Morale may end up playing the decisive factor in this conflict — though it can’t be too high on the Gaddafi side as they shoot on their own people, amid rumors that many soldiers are ordered to fight by their officers at gunpoint. But the regime and its supporters are fighting for their survival. Swift sanctions, asset freezes and threats from international bodies to investigate the regime for crimes against humanity have given the government little incentive to surrender peacefully.

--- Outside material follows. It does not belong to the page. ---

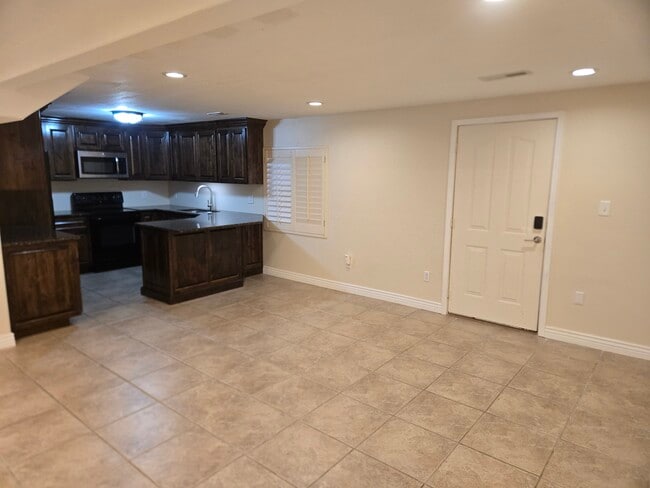 11686 Hill Stone Dr in South Jordan, UT - Building Photo - Building Photo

The rebellion too is fighting for its life. Though the Arab League has offered to help broker negotiations, the opposition says there is nothing to discuss and fears that any return by the regime will be the beginning of a massacre. But fear is in short supply among the rebel volunteers, many of whom believe that their miraculous against-the-odds successes are a sign that God is on their side. After an attack helicopter appeared and began rocketing the vicinity, TIME beat a hasty retreat from Ras Lanuf back to Benghazi. But car after car of young men with guns and flags of the old Libyan monarchy, which has become the new emblem of Free Libya, kept speeding down the other side of the highway to fill the breach. One truck was also flying the skull and cross-bones of a Jolly Roger pirate flag, which perhaps better captured the wild spirit of the rebel campaign, which may yet tilt in their favor. As one veteran of north African desert battles, American General George Patton, said: “Nobody ever defended anything successfully. There is only attack and attack, and attack some more.”